What you need to do:
Transcribe every line from the one containing "around more than $ 71 million" through the end of the records below, exactly, but not the pictures.

--- Data supplied Enclosed Below ---

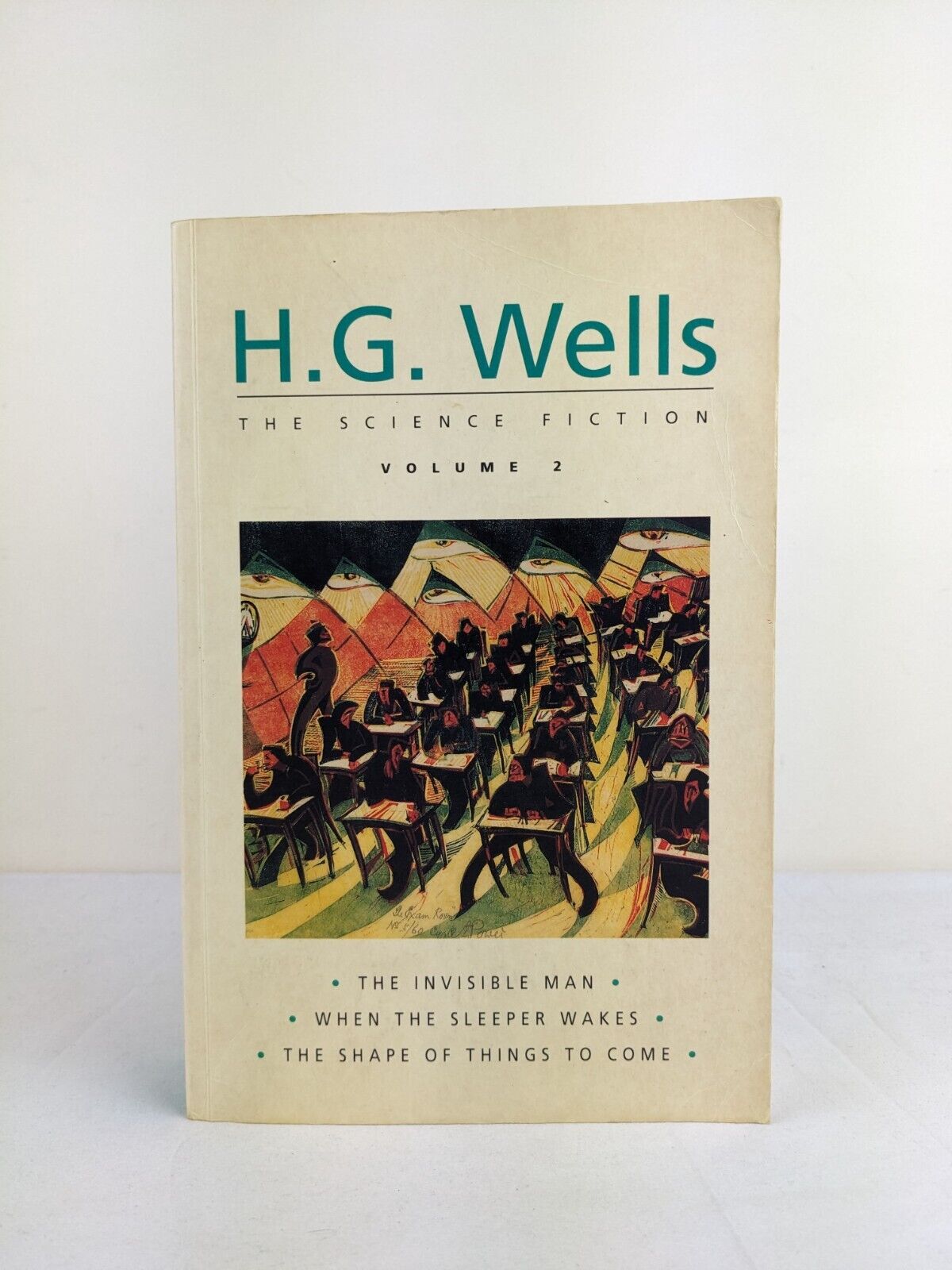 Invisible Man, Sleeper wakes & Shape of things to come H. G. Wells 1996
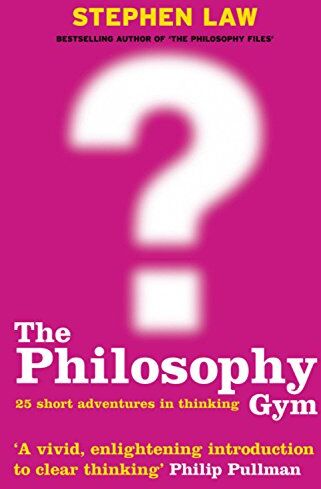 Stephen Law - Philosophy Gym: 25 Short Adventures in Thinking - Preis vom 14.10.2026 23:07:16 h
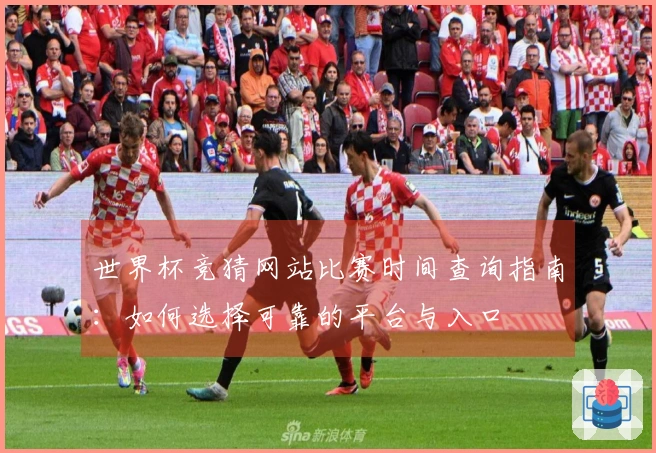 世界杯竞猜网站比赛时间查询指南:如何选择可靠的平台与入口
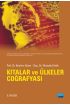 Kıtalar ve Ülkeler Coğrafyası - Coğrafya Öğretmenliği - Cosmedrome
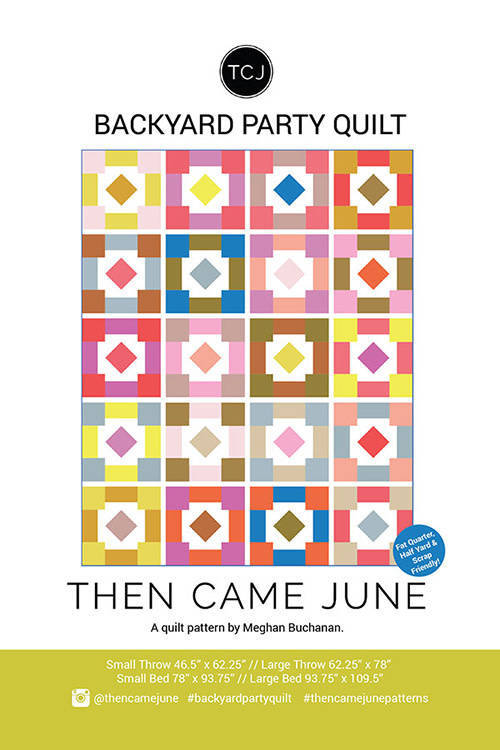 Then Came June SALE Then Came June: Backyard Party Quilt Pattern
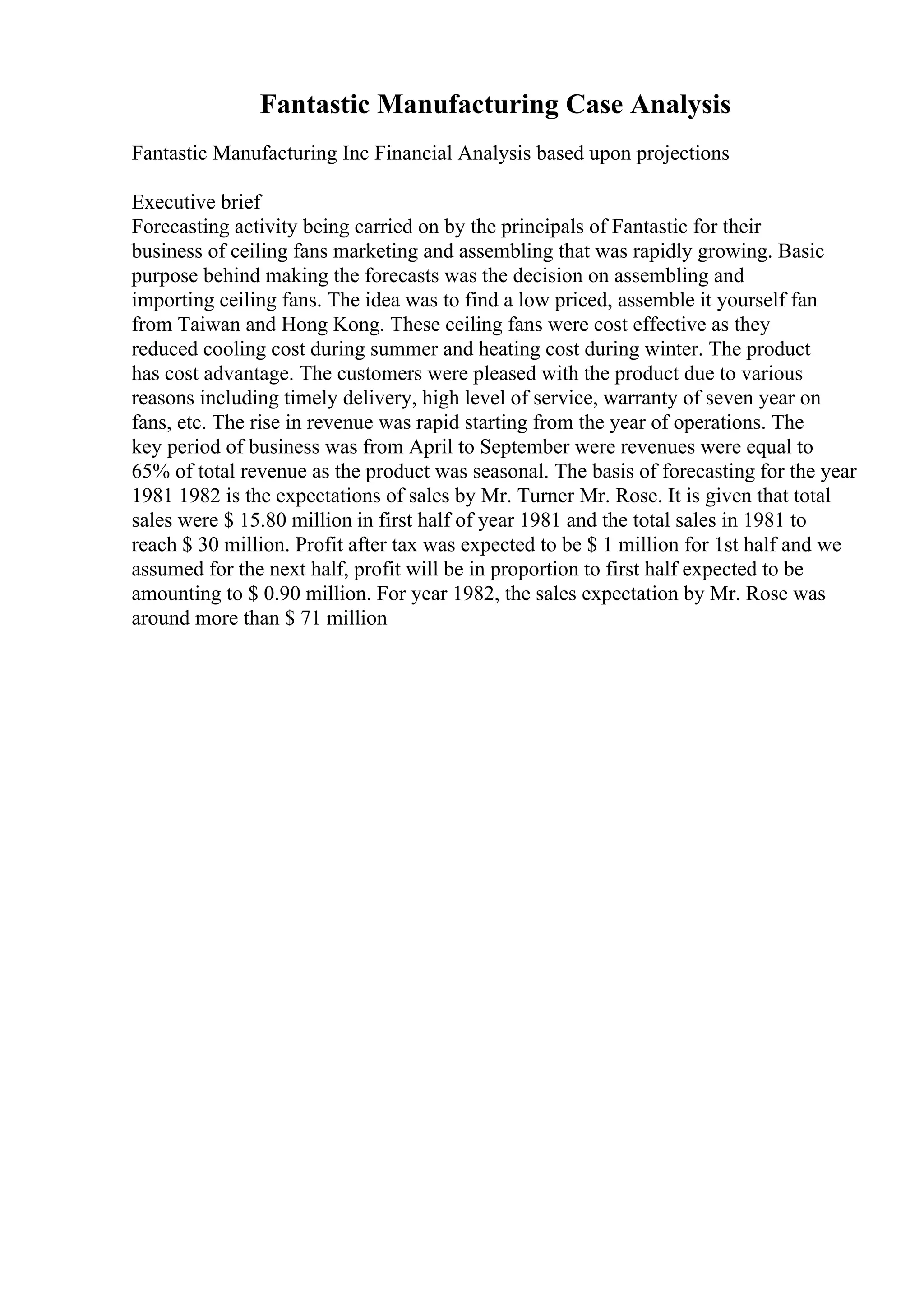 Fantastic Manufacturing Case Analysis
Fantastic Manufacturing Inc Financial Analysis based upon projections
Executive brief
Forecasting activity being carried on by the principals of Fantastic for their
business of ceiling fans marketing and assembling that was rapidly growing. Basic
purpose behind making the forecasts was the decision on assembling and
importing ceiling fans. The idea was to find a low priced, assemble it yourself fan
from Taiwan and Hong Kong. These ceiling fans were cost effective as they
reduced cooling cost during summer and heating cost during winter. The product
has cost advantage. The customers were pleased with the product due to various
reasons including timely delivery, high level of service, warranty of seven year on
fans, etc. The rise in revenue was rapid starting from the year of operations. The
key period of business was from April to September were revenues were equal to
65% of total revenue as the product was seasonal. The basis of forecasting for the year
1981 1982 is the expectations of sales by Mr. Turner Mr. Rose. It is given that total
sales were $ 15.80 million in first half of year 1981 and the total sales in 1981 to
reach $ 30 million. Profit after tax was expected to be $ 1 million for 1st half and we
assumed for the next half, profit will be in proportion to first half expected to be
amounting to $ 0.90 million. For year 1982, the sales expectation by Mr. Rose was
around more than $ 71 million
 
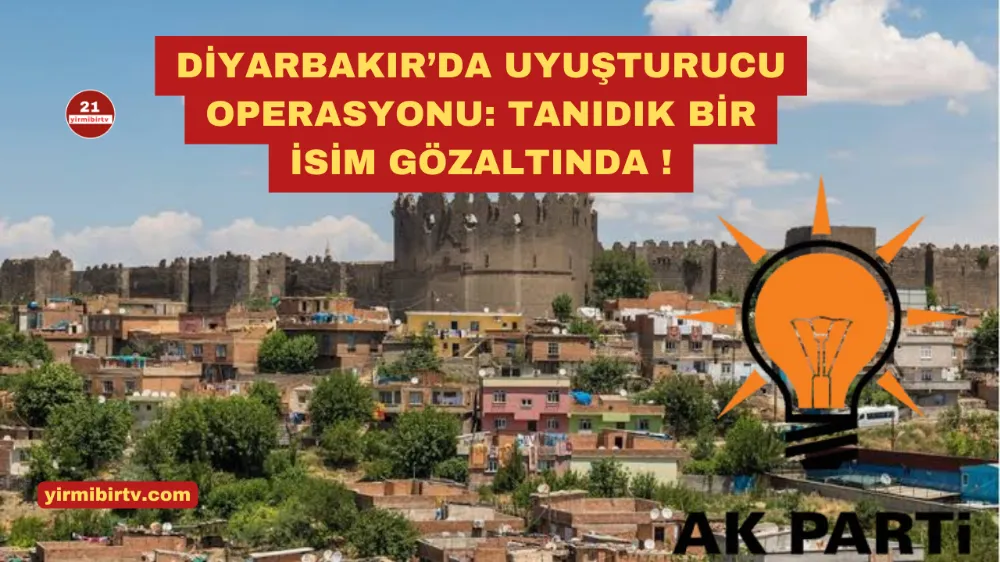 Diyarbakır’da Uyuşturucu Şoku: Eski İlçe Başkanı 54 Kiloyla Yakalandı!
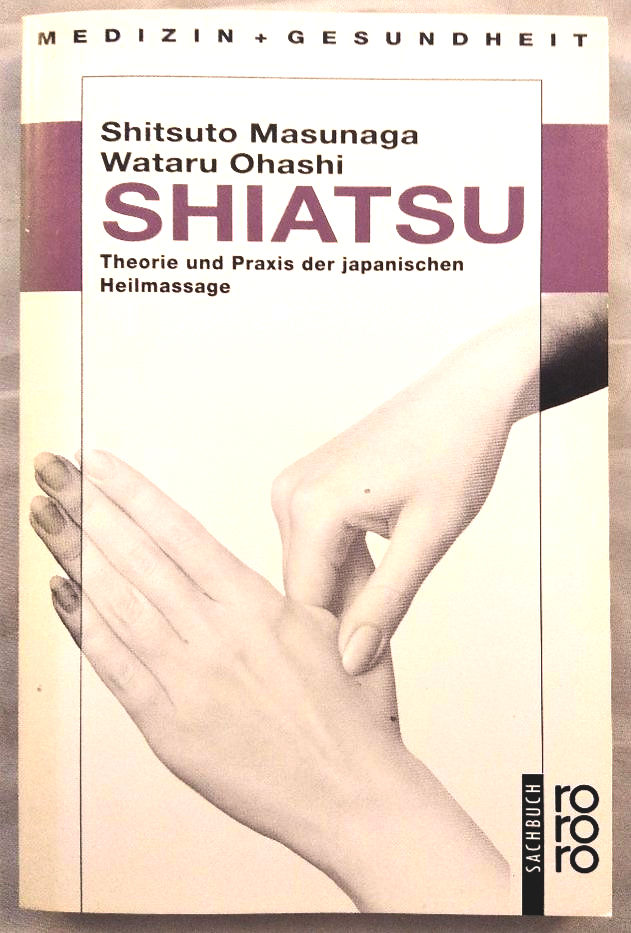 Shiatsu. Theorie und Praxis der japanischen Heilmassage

--- End of Enclosed Data supplied ---

Solution:
around more than $ 71 million
 
 Diyarbakır’da Uyuşturucu Şoku: Eski İlçe Başkanı 54 Kiloyla Yakalandı!
 Shiatsu. Theorie und Praxis der japanischen Heilmassage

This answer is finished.